▸ **Exercise objective**
Copy each line of the data below exactly, leaving out pictures.

▸ **Input for this task**
BEGIN

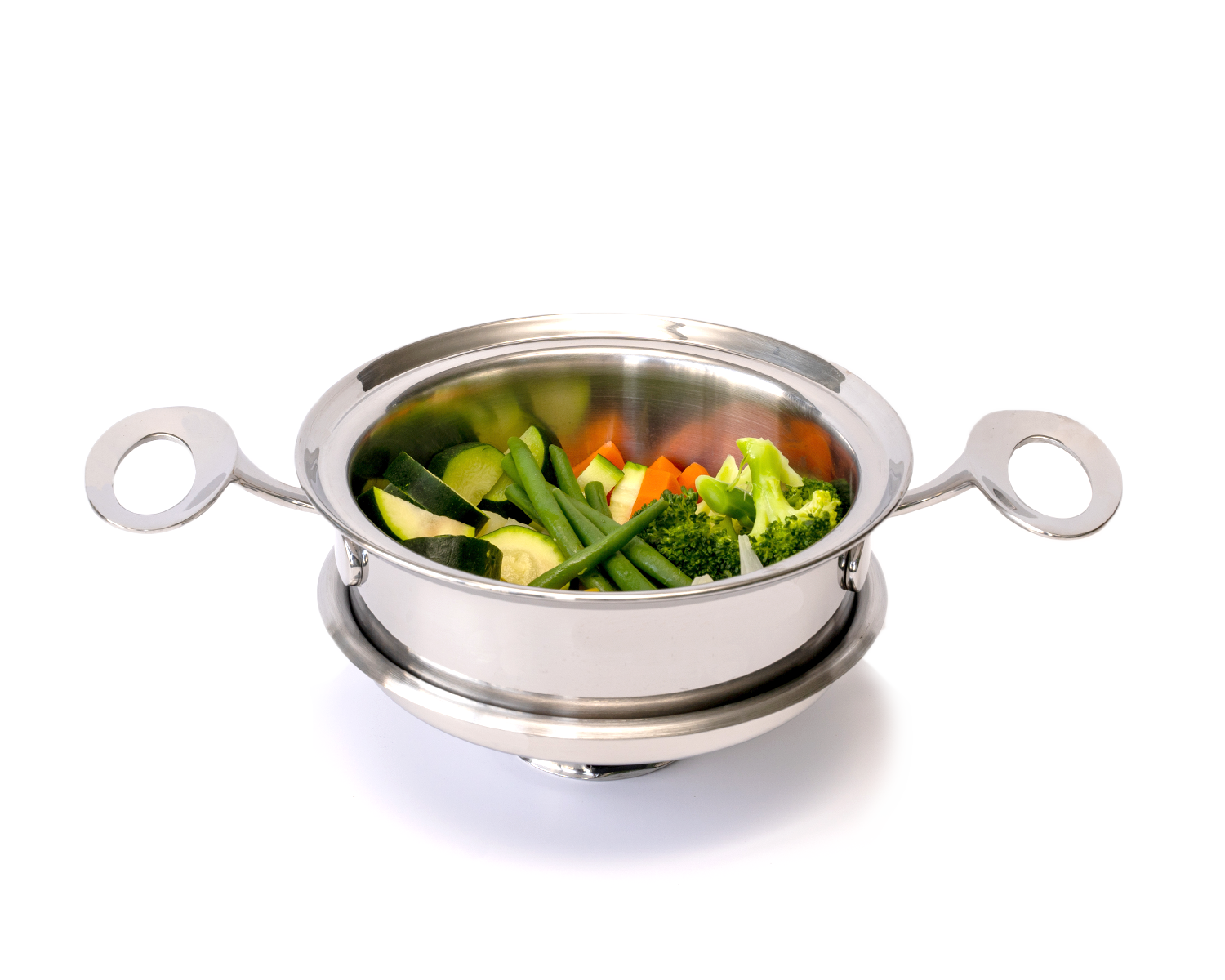 1 Litre Saucepan & Cover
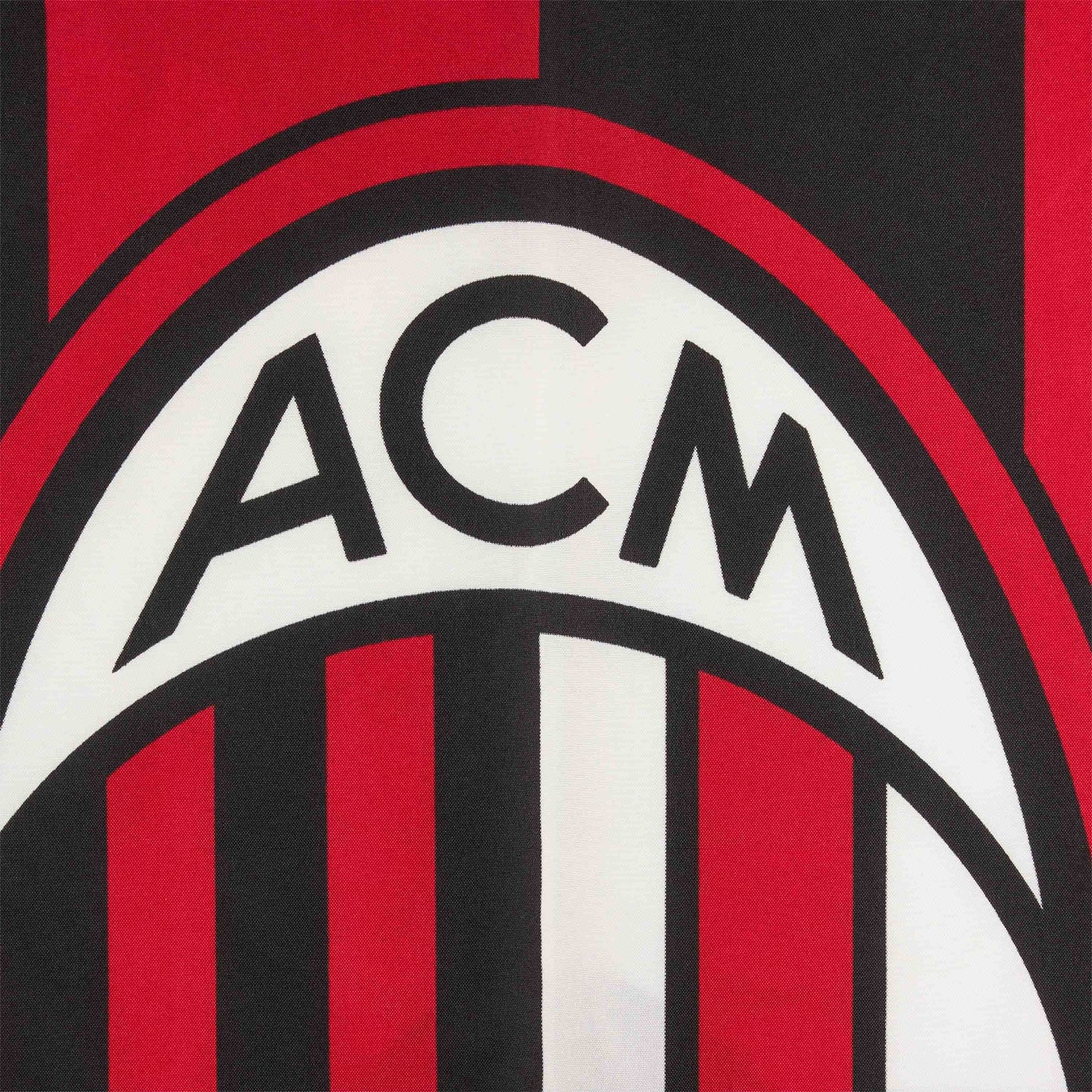 BANDIERA MILAN GRANDE ROSSONERA CON LOGO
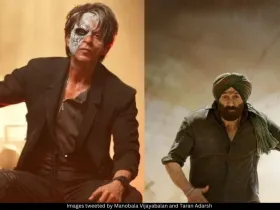 Jawan and Gadar 2 
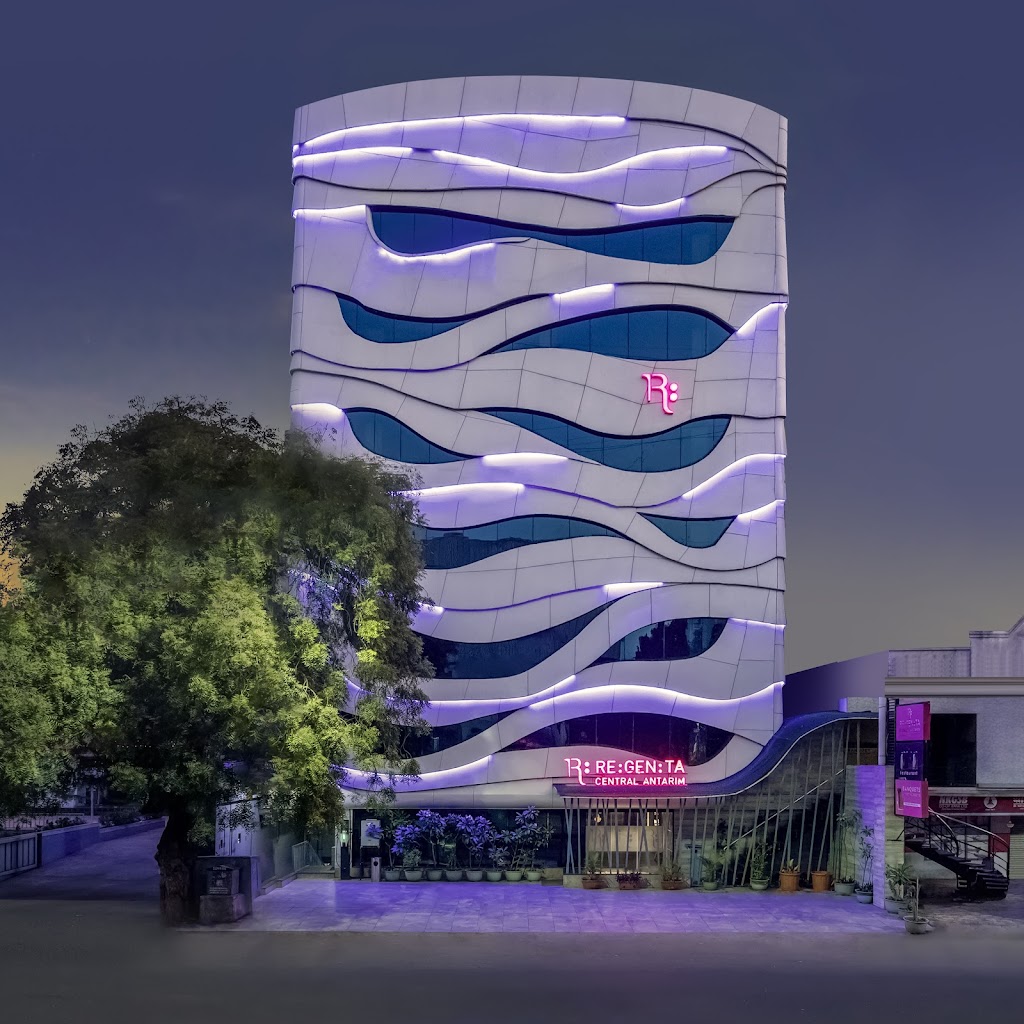 Regenta Central Antarim Hotel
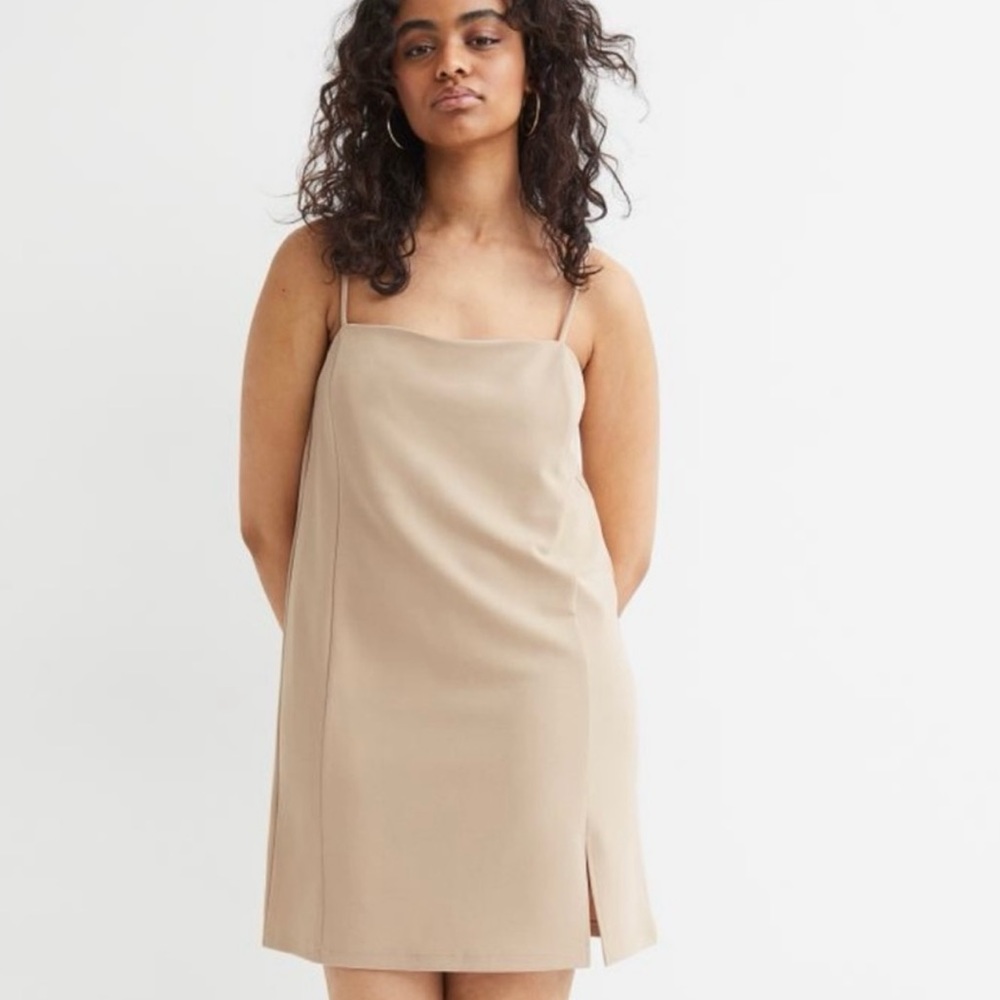 H&M Jersey Mini Dress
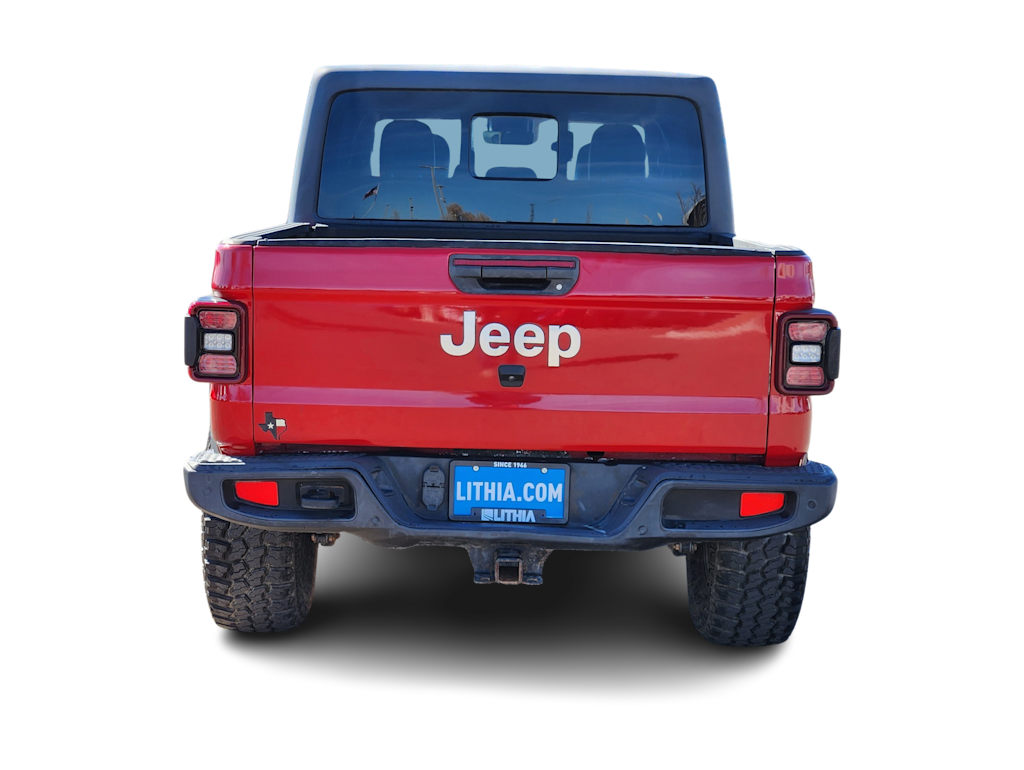 Thumbnail: 2020 Jeep Gladiator - 5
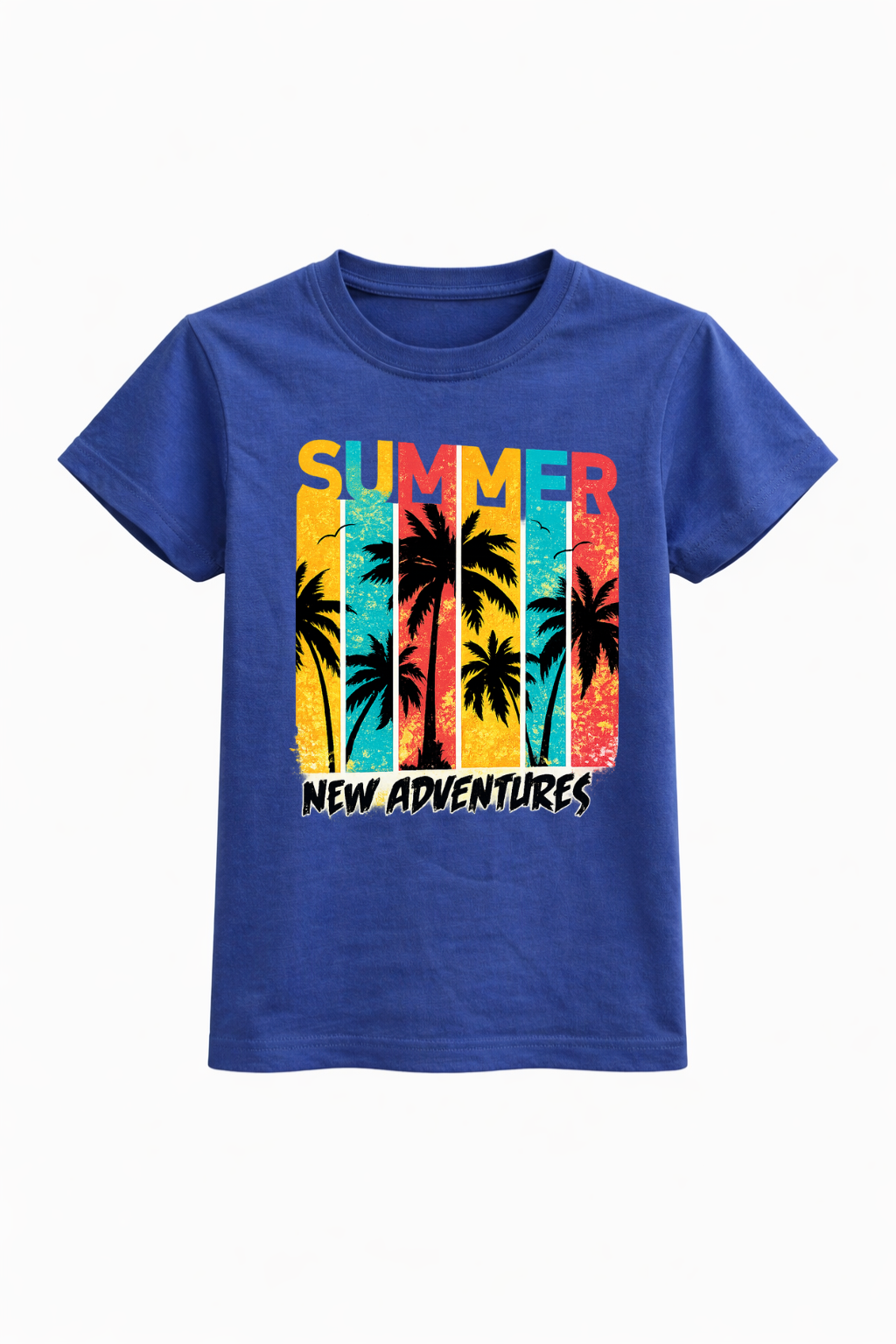 Summer Adventures Tee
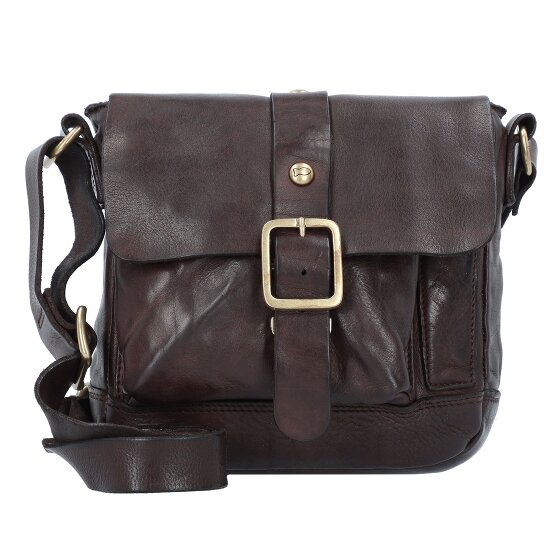 Campomaggi Garofano Umhängetasche Leder 22 cm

END

▸ **Reply to the task**
 1 Litre Saucepan & Cover
 BANDIERA MILAN GRANDE ROSSONERA CON LOGO
 Jawan and Gadar 2 
 Regenta Central Antarim Hotel
 H&M Jersey Mini Dress
 Thumbnail: 2020 Jeep Gladiator - 5
 Summer Adventures Tee
 Campomaggi Garofano Umhängetasche Leder 22 cm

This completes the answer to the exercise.